Pulmonary arteriole narrowing in end-stage cystic fibrosis lungs occurs with and without small airway disease

J Cyst Fibros. 2025 May 7:S1569-1993(25)00768-4. doi: 10.1016/j.jcf.2025.04.002. Online ahead of print.

ABSTRACT

BACKGROUND: Pulmonary hypertension (PH) is an important, life-limiting co-morbidity in cystic fibrosis (CF), where multiple mechanisms such as hypoxia, inflammation and primary CF-transmembrane regulator (CFTR) dysfunction may affect vascular integrity. We aimed to characterize the structural impact of vascular wall changes in the pulmonary microcirculation, to uncover the potential need for therapeutic strategies targeting vascular disease.

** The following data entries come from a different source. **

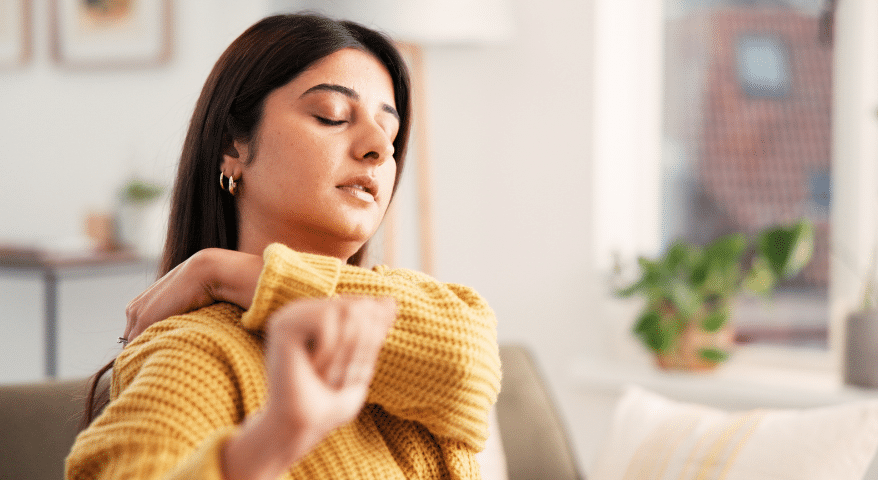 Woman at home holding her shoulder in discomfort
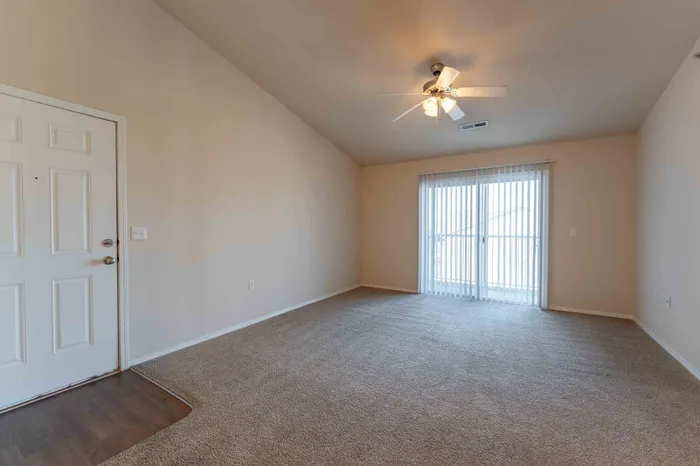 Coryell-Crossing-Apartments-For-Rent-Springfield-Missouri-Three-Bedroom-Living-Room-Patio-Doors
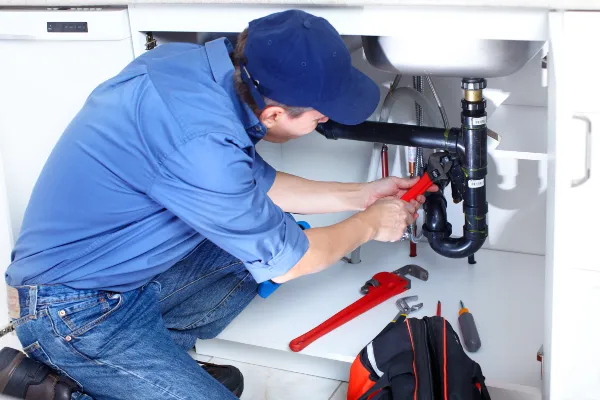 a male plumber fixing a toilet from Plumber Pflugerville in Pflugerville, TX Plumber near me a male plumber fixing a toilet from Plumber Pflugerville in Pflugerville, TX Plumber near me
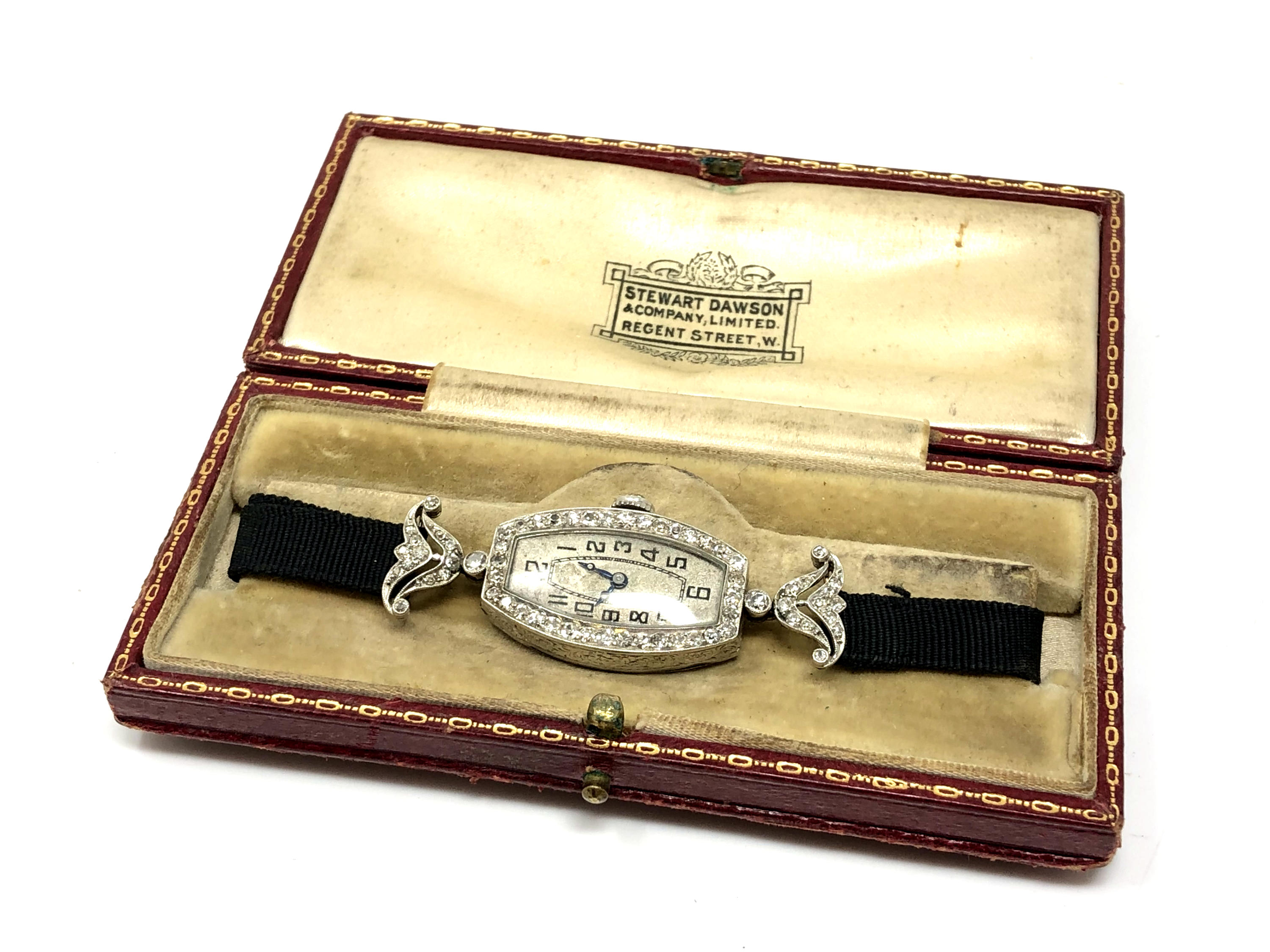 A platinum cocktail watch set with 64 diamonds, the crown also set with a diamond,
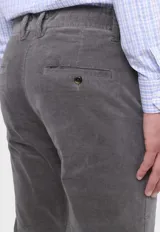 Pantalón de pana gris con corte slim fit, bolsillos laterales y traseros, y cinturón trenzado verde.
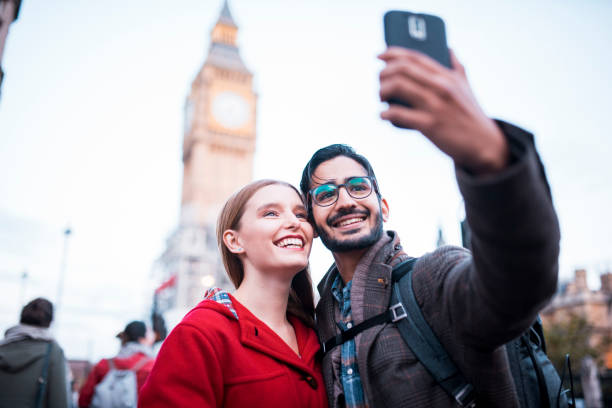 istock Young couple taking a selfie in front of Big Ben 864535866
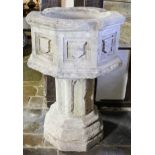 A late 15th Century English limestone octagonal font, the exterior with raised shield shaped panels,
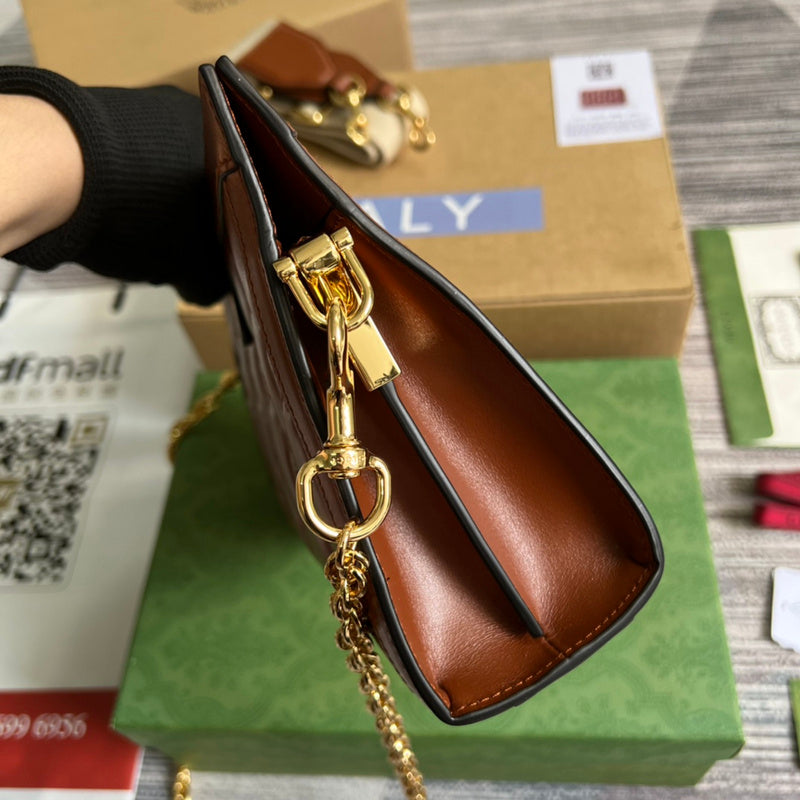 Top view of refined sleek women's handbag – women's luxury accessory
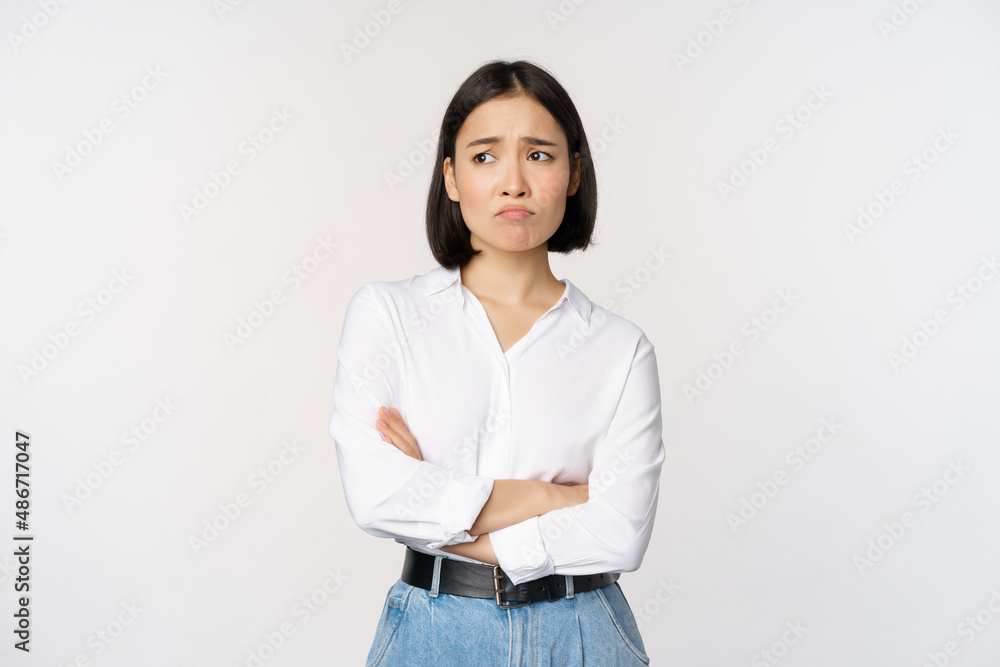 Image of sad office girl, asian woman sulking and frowning disappointed, standing upset and distress
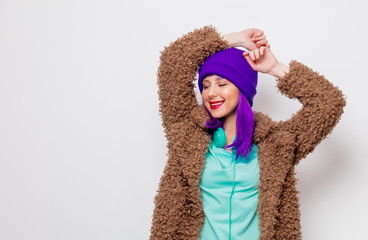 Beautiful young girl with purple hair in jacket on white background.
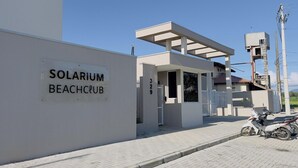 A modern building with a sign reading 'SOLARIUM BEACH CLUB'. - Solarium Beach Club - Apartamento T1.302 (Itapoá)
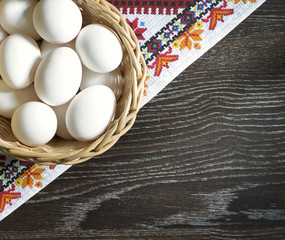 White chicken eggs wrapped in burlap next to a basket on a wooden table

METHODS: End-stage inflated CF (n=6), and control (n=4) lungs were processed to lung cores (2.8cm³) and scanned with micro-computed tomography (resolution: 8.5µm). The diameter and number of distal pulmonary arteries (dPA), distal airways (DA) and open terminal bronchioles (TB) were measured on 3D models (n= 2 cores/lobe) and compared per generation and within pairs. Morphometric assessment was paired with histological analysis (n= 1/lobe) to assess tissue morphology, collagen and connective tissue components.

RESULTS: dPA in CF were narrowed and disappeared in the last generations of dichotomous branching, resulting in a decreased total diameter per generation. While narrowing was already present where TB remained open, dPA disappearance was only present where no TB were left. dPA narrowing increased when DA collapsed. Histologically, fibrotic dPA changes were present in areas without distal airway disease.

CONCLUSION: We showed for the first time the presence of dPA lumen narrowing and disappearance with fibrotic vascular wall changes in end-stage CF. Narrowing was present diffusely and fibrosis was also present in areas without airway disease. These findings suggest that vascular dysfunction in CF may not solely be secondary to hypoxic vasoconstriction and inflammation but may represent a distinct pathophysiological process related to CFTR dysfunction in the endothelium, warranting further study.